ABOUT THIS EXERCISE | Please retype the listing below exactly as it stands, skipping any pictures.

SOURCE MATERIAL |
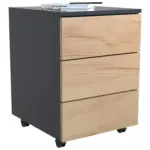 M&ouml;belix Rollcontainer Anthrazit/ Eiche Dekor Dalrosa 39x55x45cm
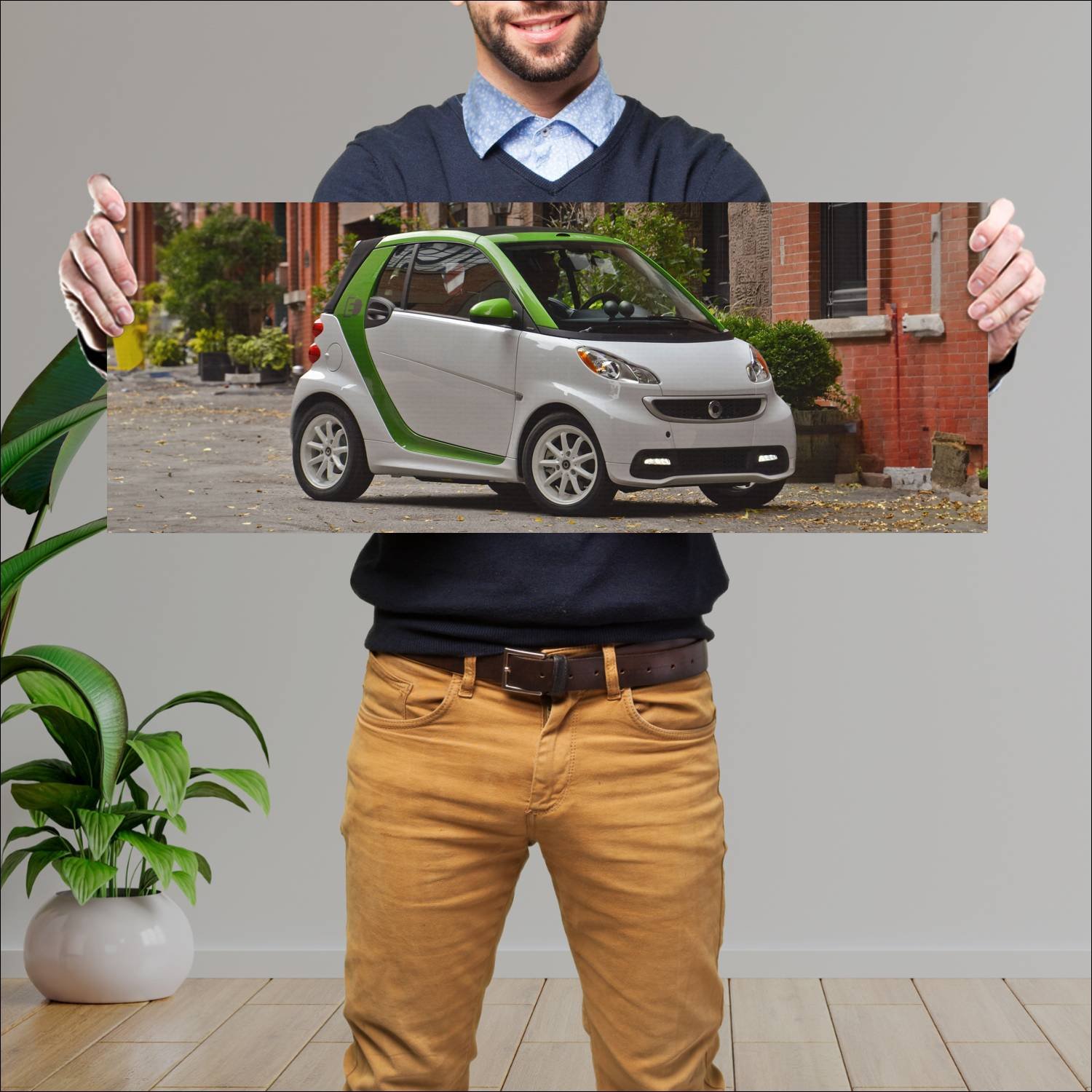 Cuadro grande 30x80cm 2013 smart fortwo cabrio ele 100 Smart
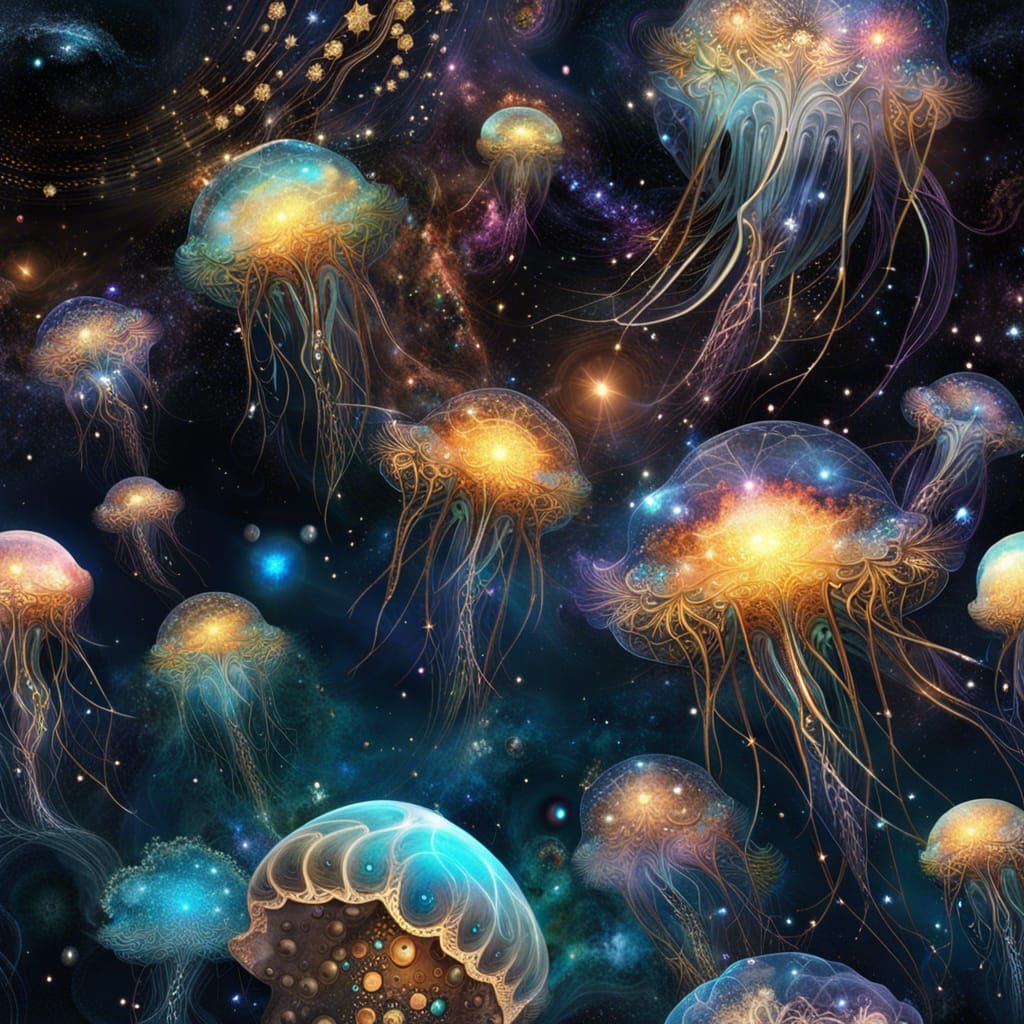 Bioluminescent Space Jellyfish in Fractal Galaxy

WRITTEN ANSWER |
 M&ouml;belix Rollcontainer Anthrazit/ Eiche Dekor Dalrosa 39x55x45cm
 Cuadro grande 30x80cm 2013 smart fortwo cabrio ele 100 Smart
 Bioluminescent Space Jellyfish in Fractal Galaxy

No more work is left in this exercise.